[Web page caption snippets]
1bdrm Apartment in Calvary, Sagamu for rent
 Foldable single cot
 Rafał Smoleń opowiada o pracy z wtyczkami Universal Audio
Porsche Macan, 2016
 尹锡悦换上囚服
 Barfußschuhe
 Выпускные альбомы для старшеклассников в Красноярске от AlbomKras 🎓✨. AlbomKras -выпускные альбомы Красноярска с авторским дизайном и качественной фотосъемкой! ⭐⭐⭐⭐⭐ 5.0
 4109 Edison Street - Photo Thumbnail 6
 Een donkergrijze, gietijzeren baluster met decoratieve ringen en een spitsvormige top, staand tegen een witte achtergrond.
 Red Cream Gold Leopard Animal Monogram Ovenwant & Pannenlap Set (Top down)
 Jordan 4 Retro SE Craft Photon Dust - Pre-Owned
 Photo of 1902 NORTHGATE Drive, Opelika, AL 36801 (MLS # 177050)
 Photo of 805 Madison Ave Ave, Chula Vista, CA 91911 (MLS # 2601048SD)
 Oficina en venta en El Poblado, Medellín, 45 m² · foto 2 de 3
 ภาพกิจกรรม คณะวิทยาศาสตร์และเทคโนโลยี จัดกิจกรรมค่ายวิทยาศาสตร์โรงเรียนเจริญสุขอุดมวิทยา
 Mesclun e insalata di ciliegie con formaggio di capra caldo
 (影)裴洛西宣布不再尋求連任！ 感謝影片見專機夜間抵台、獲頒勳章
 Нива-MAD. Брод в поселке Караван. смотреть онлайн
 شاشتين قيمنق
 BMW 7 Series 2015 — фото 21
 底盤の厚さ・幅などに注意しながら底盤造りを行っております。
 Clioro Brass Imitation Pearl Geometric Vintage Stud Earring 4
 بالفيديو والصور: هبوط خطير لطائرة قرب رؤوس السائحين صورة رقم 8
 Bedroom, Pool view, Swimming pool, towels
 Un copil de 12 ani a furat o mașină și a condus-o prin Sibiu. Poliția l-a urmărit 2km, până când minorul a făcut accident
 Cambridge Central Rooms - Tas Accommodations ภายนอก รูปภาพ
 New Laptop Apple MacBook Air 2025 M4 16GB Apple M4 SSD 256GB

= What the task requires =
Your answer must be every record above, retyped exactly.

= Task answer =
1bdrm Apartment in Calvary, Sagamu for rent
 Foldable single cot
 Rafał Smoleń opowiada o pracy z wtyczkami Universal Audio
Porsche Macan, 2016
 尹锡悦换上囚服
 Barfußschuhe
 Выпускные альбомы для старшеклассников в Красноярске от AlbomKras 🎓✨. AlbomKras -выпускные альбомы Красноярска с авторским дизайном и качественной фотосъемкой! ⭐⭐⭐⭐⭐ 5.0
 4109 Edison Street - Photo Thumbnail 6
 Een donkergrijze, gietijzeren baluster met decoratieve ringen en een spitsvormige top, staand tegen een witte achtergrond.
 Red Cream Gold Leopard Animal Monogram Ovenwant & Pannenlap Set (Top down)
 Jordan 4 Retro SE Craft Photon Dust - Pre-Owned
 Photo of 1902 NORTHGATE Drive, Opelika, AL 36801 (MLS # 177050)
 Photo of 805 Madison Ave Ave, Chula Vista, CA 91911 (MLS # 2601048SD)
 Oficina en venta en El Poblado, Medellín, 45 m² · foto 2 de 3
 ภาพกิจกรรม คณะวิทยาศาสตร์และเทคโนโลยี จัดกิจกรรมค่ายวิทยาศาสตร์โรงเรียนเจริญสุขอุดมวิทยา
 Mesclun e insalata di ciliegie con formaggio di capra caldo
 (影)裴洛西宣布不再尋求連任！ 感謝影片見專機夜間抵台、獲頒勳章
 Нива-MAD. Брод в поселке Караван. смотреть онлайн
 شاشتين قيمنق
 BMW 7 Series 2015 — фото 21
 底盤の厚さ・幅などに注意しながら底盤造りを行っております。
 Clioro Brass Imitation Pearl Geometric Vintage Stud Earring 4
 بالفيديو والصور: هبوط خطير لطائرة قرب رؤوس السائحين صورة رقم 8
 Bedroom, Pool view, Swimming pool, towels
 Un copil de 12 ani a furat o mașină și a condus-o prin Sibiu. Poliția l-a urmărit 2km, până când minorul a făcut accident
 Cambridge Central Rooms - Tas Accommodations ภายนอก รูปภาพ
 New Laptop Apple MacBook Air 2025 M4 16GB Apple M4 SSD 256GB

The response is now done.